[Opening DATA section]
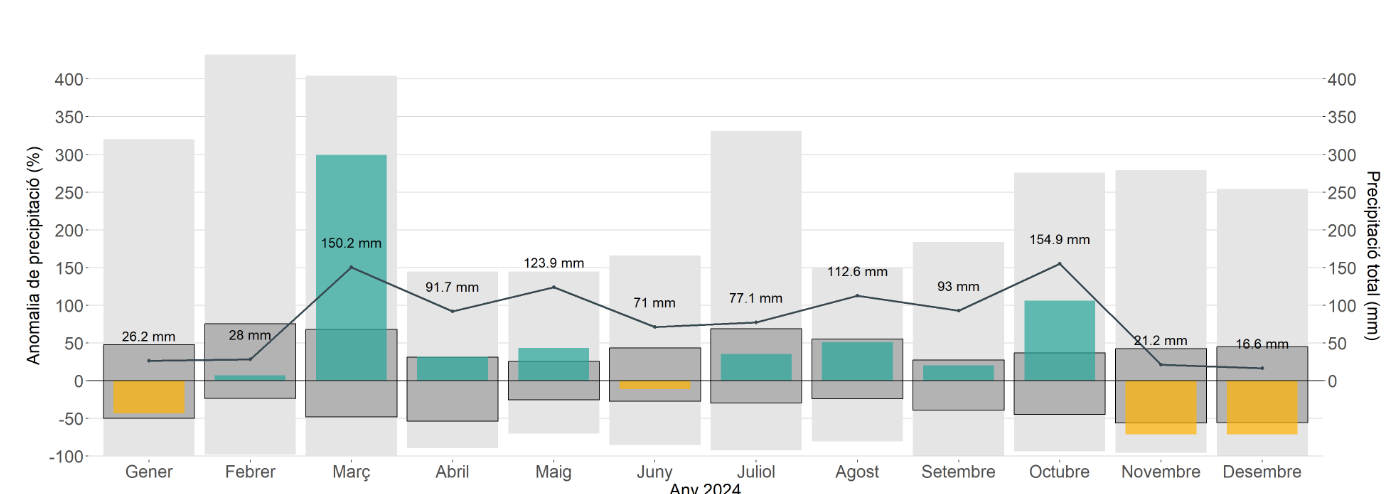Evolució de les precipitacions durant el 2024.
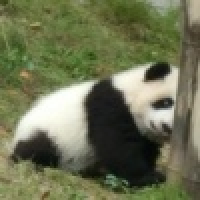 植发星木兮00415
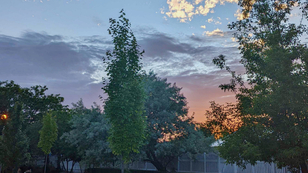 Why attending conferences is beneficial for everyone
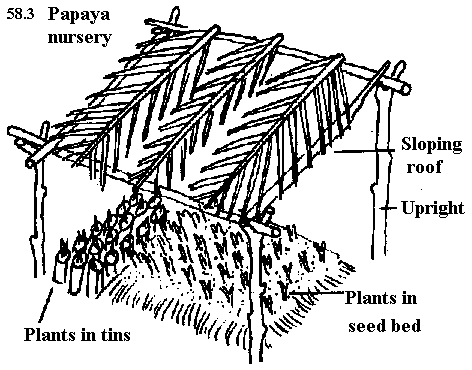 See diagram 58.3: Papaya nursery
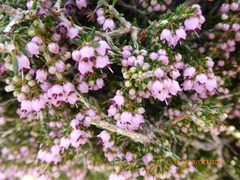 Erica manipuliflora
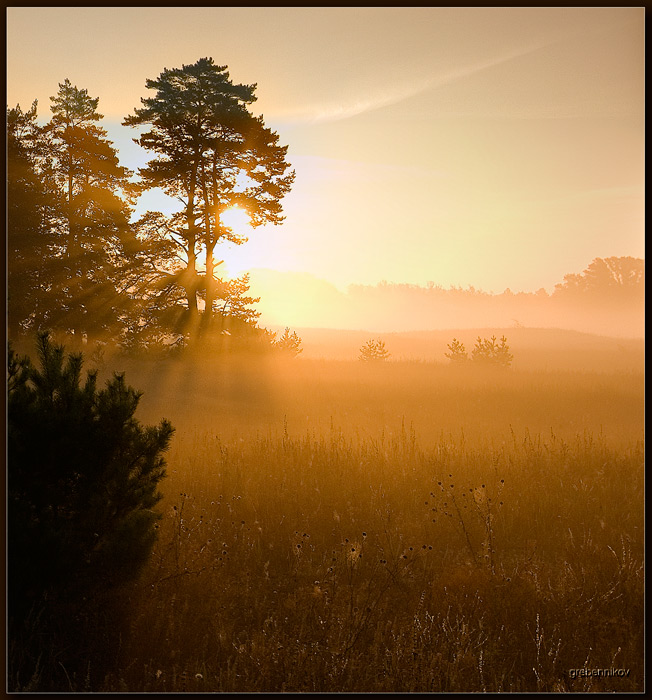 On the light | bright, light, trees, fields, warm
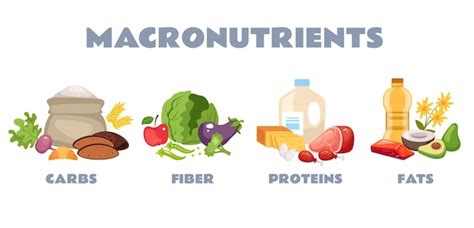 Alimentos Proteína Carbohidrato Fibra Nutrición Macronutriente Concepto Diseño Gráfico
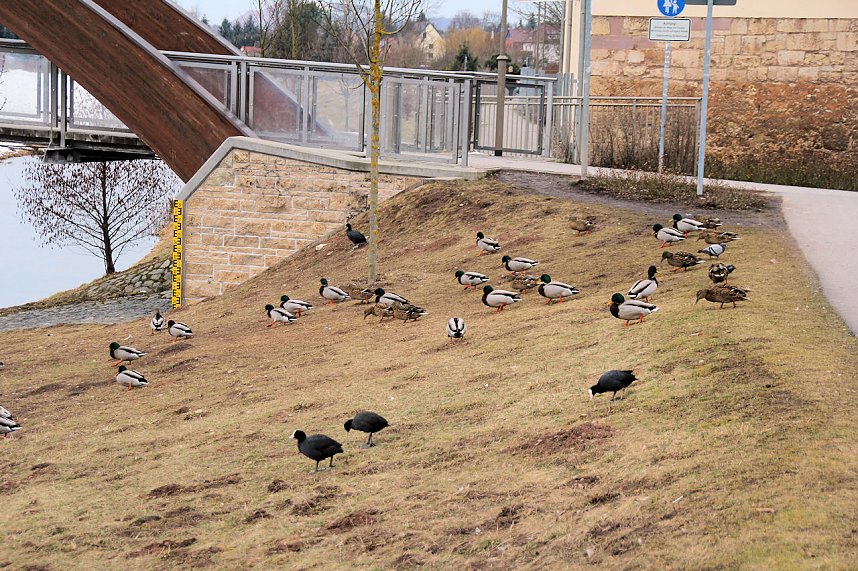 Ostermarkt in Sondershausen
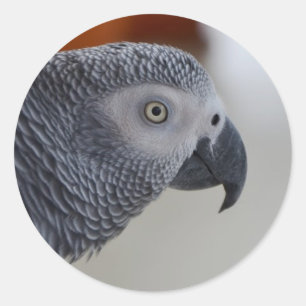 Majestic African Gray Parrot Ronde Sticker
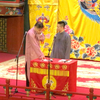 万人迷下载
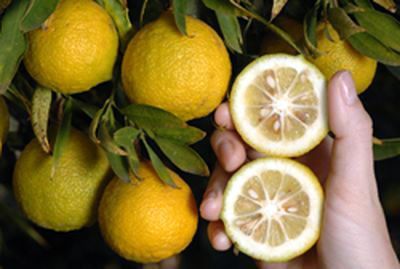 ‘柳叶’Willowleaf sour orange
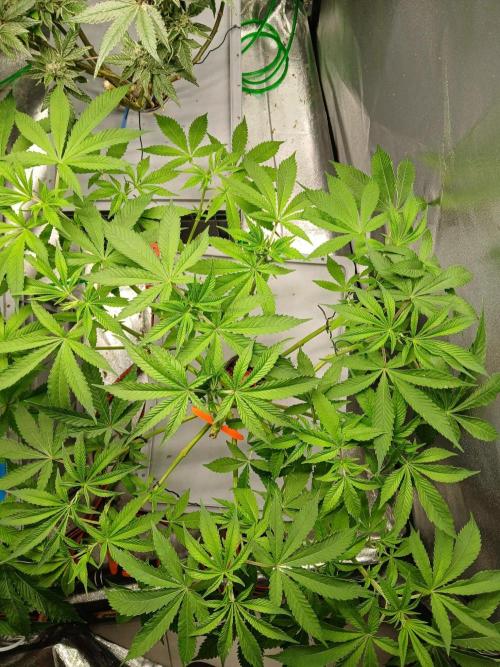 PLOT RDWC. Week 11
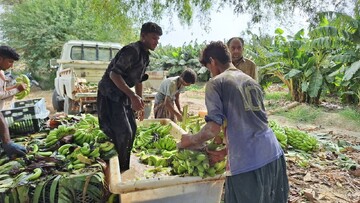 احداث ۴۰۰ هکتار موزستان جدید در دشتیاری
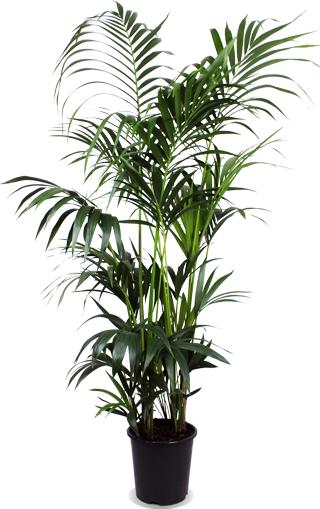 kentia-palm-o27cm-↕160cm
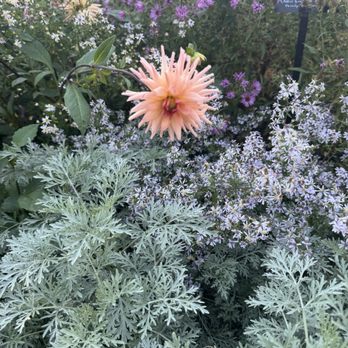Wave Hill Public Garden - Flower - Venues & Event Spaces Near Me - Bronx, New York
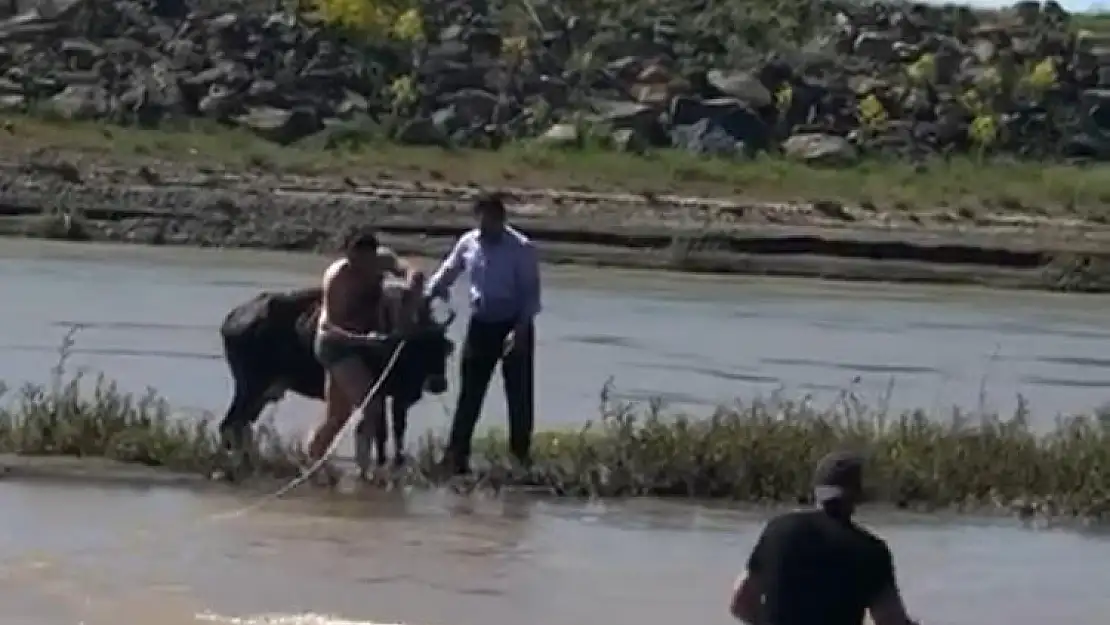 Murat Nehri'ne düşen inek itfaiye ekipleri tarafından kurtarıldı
[Closing DATA section]
__PROBLEM TO WORK ON__
Go through the listing above and write it out again exactly, dropping the pictures.

__ANSWER__
Evolució de les precipitacions durant el 2024.
 植发星木兮00415
 Why attending conferences is beneficial for everyone
 See diagram 58.3: Papaya nursery
 Erica manipuliflora
 On the light | bright, light, trees, fields, warm
 Alimentos Proteína Carbohidrato Fibra Nutrición Macronutriente Concepto Diseño Gráfico
 Ostermarkt in Sondershausen
 Majestic African Gray Parrot Ronde Sticker
 万人迷下载
 ‘柳叶’Willowleaf sour orange
 PLOT RDWC. Week 11
 احداث ۴۰۰ هکتار موزستان جدید در دشتیاری
 kentia-palm-o27cm-↕160cm
Wave Hill Public Garden - Flower - Venues & Event Spaces Near Me - Bronx, New York
 Murat Nehri'ne düşen inek itfaiye ekipleri tarafından kurtarıldı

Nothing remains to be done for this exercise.